What the task requires: The pictures get dropped, while every remaining part of the listing is copied exactly.

Records for processing:

_ _ _ _ _

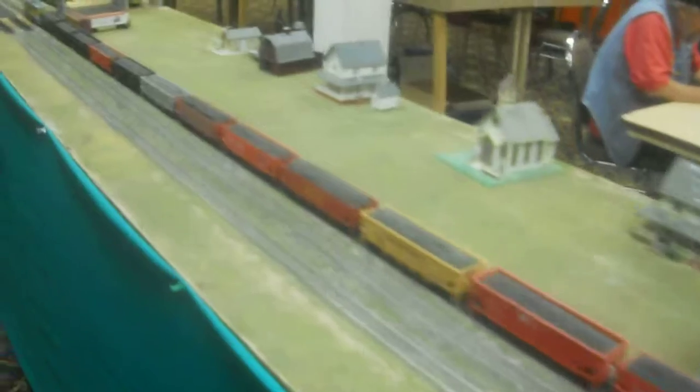Here's the 2012 UP Historical Society Convention. The club layout is set up.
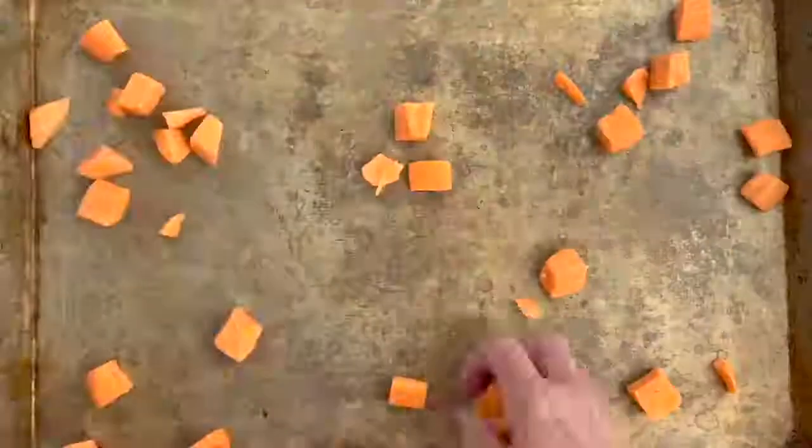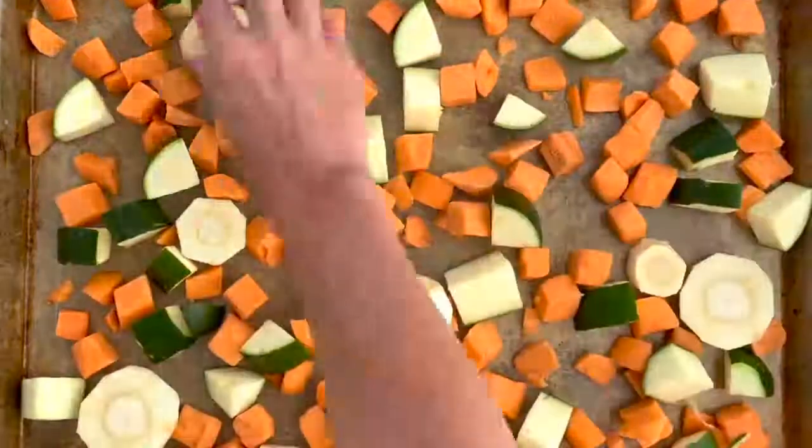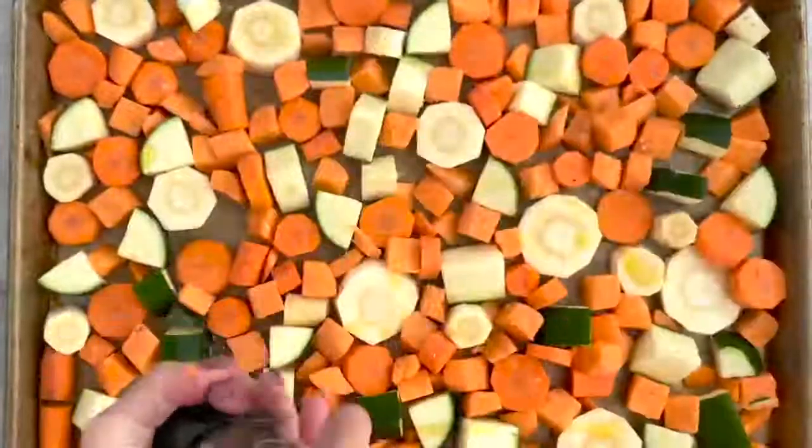Spray your sheet pan then arrange your vegetables in a single layer one by one to completely cover the pan. Drizzle with additional oil and sprinkle with salt and pepper.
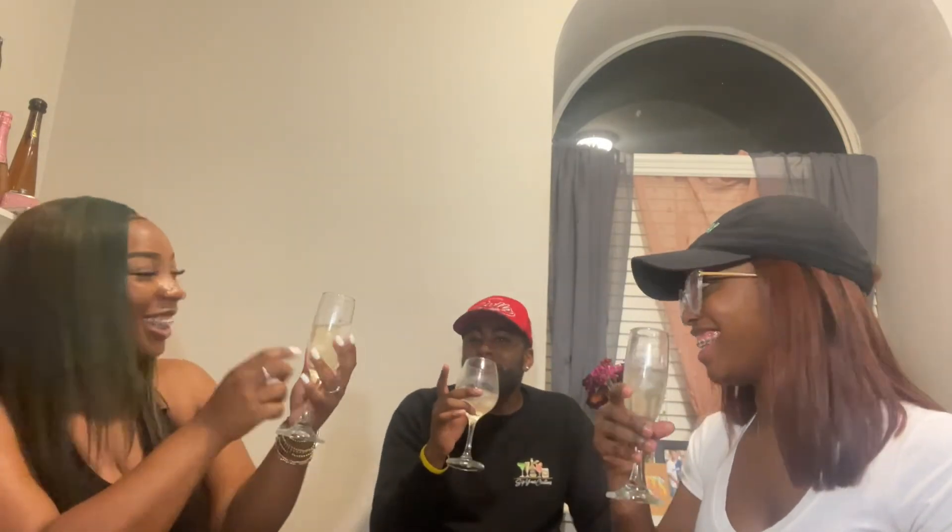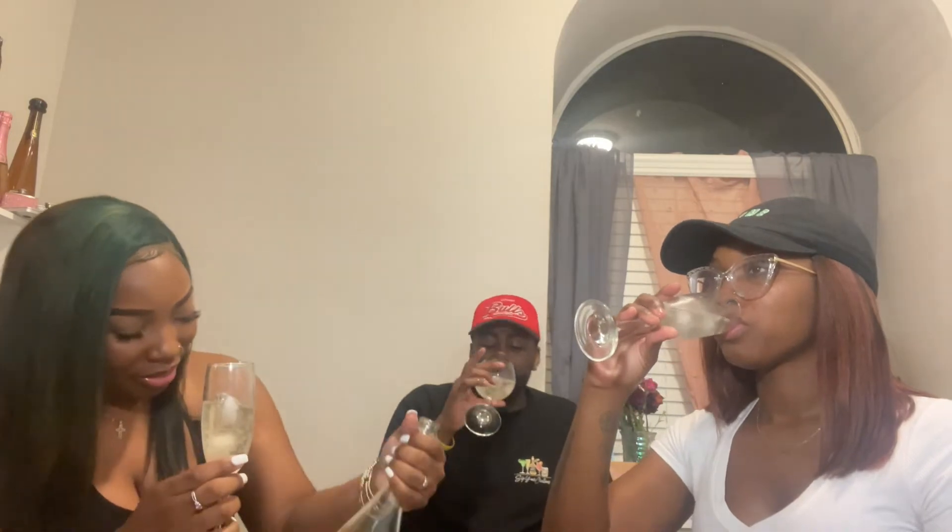Alright, cheers! That is good. This is the one, yeah. This is the one right here. Yep, yep — oh, this is the one! I drank this whole bottle, it's almost gone now.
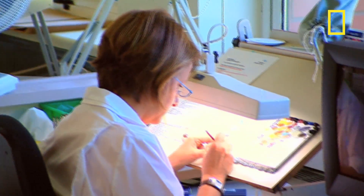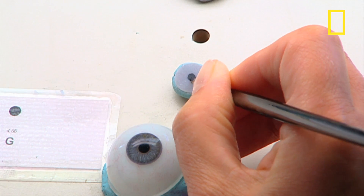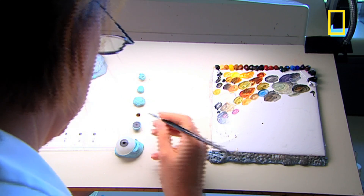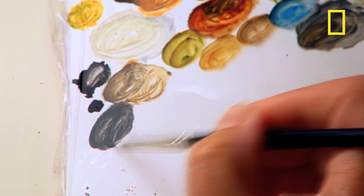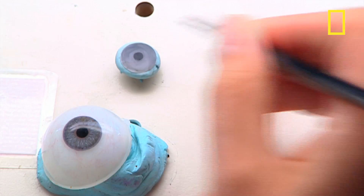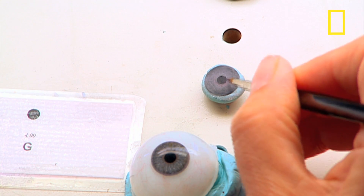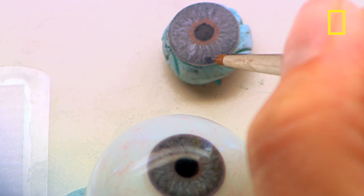The iris, or colored part of the eye, is painted onto a flat plastic disc which is measured to the size of the patient's remaining iris. Each iris is hand-painted using oil-based paints and the technicians work from either a digital photo or a previously painted eye to make sure that it will match the other eye.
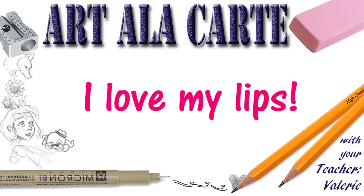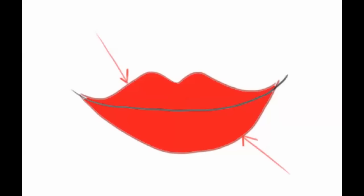Hey guys, welcome back to Art de la Carte. We have been drawing the human face and we are now moving on to the lips. People think that when you are drawing the lips, the most important lines are the outward lines that contour the lip — but this is wrong. The most important line on the lip is the lip line itself, which is where the top lip meets the bottom lip. This is the line that is going to determine the shape of your mouth.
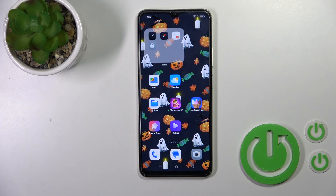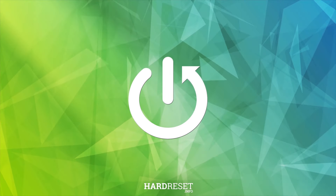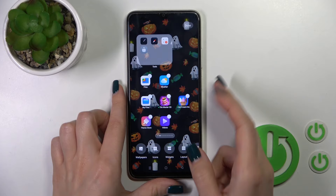Hi, this is the Oppo A18 and I'll show you how to switch off this device. So just to do that we should press and hold the power key button for a few seconds and just turn it off.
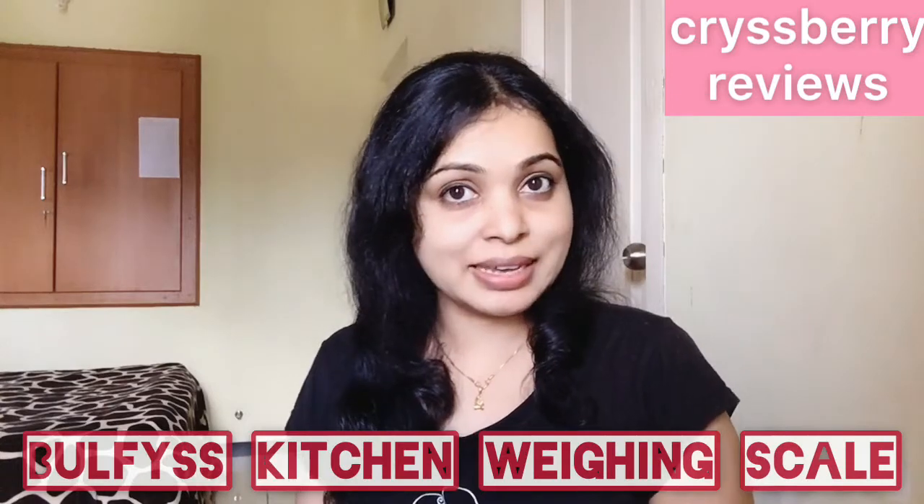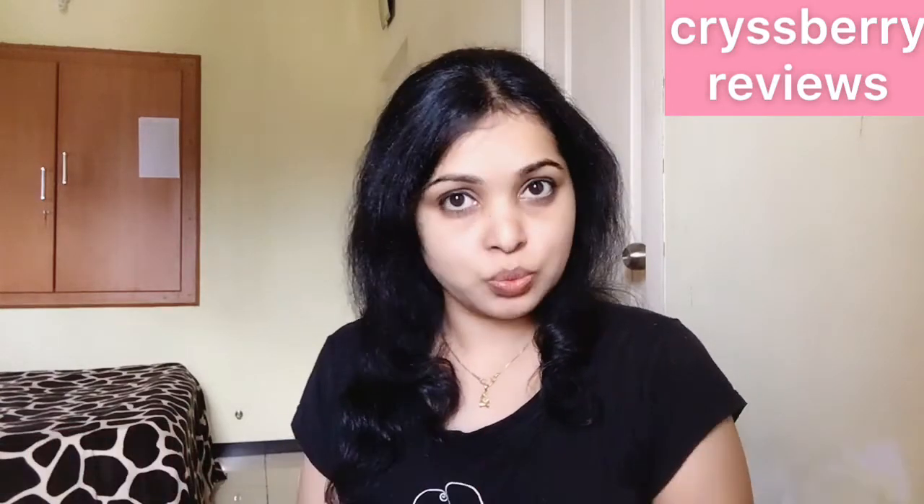Hello and welcome to Casper Reviews Tips once again. Today our product for review is Bulfi's kitchen weighing scale. For those who are new to kitchen weighing scales or those who are planning to buy a new weighing scale, I'm going to show you a small demo on how to use one.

_ _ _ _ _

Exercise solution:
Here's the 2012 UP Historical Society Convention. The club layout is set up.
Spray your sheet pan then arrange your vegetables in a single layer one by one to completely cover the pan. Drizzle with additional oil and sprinkle with salt and pepper.
Alright, cheers! That is good. This is the one, yeah. This is the one right here. Yep, yep — oh, this is the one! I drank this whole bottle, it's almost gone now.
The iris, or colored part of the eye, is painted onto a flat plastic disc which is measured to the size of the patient's remaining iris. Each iris is hand-painted using oil-based paints and the technicians work from either a digital photo or a previously painted eye to make sure that it will match the other eye.
Hey guys, welcome back to Art de la Carte. We have been drawing the human face and we are now moving on to the lips. People think that when you are drawing the lips, the most important lines are the outward lines that contour the lip — but this is wrong. The most important line on the lip is the lip line itself, which is where the top lip meets the bottom lip. This is the line that is going to determine the shape of your mouth.
Hi, this is the Oppo A18 and I'll show you how to switch off this device. So just to do that we should press and hold the power key button for a few seconds and just turn it off.
Hello and welcome to Casper Reviews Tips once again. Today our product for review is Bulfi's kitchen weighing scale. For those who are new to kitchen weighing scales or those who are planning to buy a new weighing scale, I'm going to show you a small demo on how to use one.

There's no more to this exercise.